Ergonomie in de geneeskunde, tandheelkunde: de basis voor het organiseren van de werkplek van een tandarts

click fraud protection

Lichaamshoudingen bij de tandartsOm hun werk veilig en efficiënt te kunnen doen, hanteren tandartsen bepaalde wetten.

Kennis van de ergonomische basisprincipes van werkplekorganisatie is noodzakelijk voor zowel stagiaires en beginnende specialisten als ervaren tandartsen.

Inhoud

  • Wat is ergonomie?
  • Ergonomische uitdagingen in de tandheelkunde
  • Vier basisconcepten
  • Ergonomie in de tandartspraktijk
    • Positie van de dokter
    • patiënt positie
  • Rationele uitwisseling van hulpmiddelen tussen arts en assistent
    • Parallelle vervangingsmethode:
    • Rotary swap-methode:
    • Basis grip en fixatie

Wat is ergonomie?

Eerst moet u begrijpen wat ergonomie is in de geneeskunde. Het is een aparte sectie in de toegepaste geneeskunde die zich richt op arbeidsomstandigheden om de workflow te optimaliseren. De term werd geïntroduceerd in 1949, het betekent letterlijk de wet van werk, uitrusting. Er zijn veel wetenschappelijke, diploma-werken en samenvattingen over dit onderwerp geschreven.

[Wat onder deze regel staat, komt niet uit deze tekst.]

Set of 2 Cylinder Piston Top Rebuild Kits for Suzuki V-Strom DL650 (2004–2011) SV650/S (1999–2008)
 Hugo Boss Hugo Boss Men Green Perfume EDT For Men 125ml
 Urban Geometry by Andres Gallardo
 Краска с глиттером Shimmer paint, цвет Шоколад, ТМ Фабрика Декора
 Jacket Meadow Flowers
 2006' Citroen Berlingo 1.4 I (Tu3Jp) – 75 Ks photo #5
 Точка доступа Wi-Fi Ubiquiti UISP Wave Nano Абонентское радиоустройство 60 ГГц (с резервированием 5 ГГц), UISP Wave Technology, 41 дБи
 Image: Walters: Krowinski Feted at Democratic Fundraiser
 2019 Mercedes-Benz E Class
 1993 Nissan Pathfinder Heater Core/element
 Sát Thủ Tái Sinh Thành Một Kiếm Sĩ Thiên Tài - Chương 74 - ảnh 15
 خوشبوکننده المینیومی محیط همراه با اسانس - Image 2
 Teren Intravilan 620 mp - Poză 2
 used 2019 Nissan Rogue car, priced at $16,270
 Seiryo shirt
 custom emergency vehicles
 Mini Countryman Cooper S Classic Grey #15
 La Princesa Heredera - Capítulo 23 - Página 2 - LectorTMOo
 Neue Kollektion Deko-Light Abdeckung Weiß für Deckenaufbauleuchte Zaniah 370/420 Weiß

Discipline is nodig om een ​​baan, een werkplek, aan te passen. De belangrijkste taak is het efficiënt en veilig vervullen van de taken van een medisch werker in relatie tot zichzelf, medewerkers en de patiënt.

instagram viewer

Ergonomie omvat de volgende zaken:

  • optimalisatie van arbeidsomstandigheden op de werkvloer;
  • ontwikkeling van de positie van arts en patiënt;
  • ontwikkeling van de optimale positie en afstand tot gereedschappen en apparatuur;
  • ontwikkeling van algoritmen voor de verplaatsing van medisch personeel.

Het niet naleven van deze regels leidt tot overmatige inspanningen en lichaamsbewegingen, wat leidt tot overbelasting van het lichaam. Speciale aandacht wordt besteed aan de organisatie van de werkplek.

Er wordt rekening gehouden met fysieke momenten, afhankelijk van de specifieke kenmerken van het werk - lichaamsspanning, het vermogen om positie en houding te behouden, optimale visuele en auditieve mogelijkheden.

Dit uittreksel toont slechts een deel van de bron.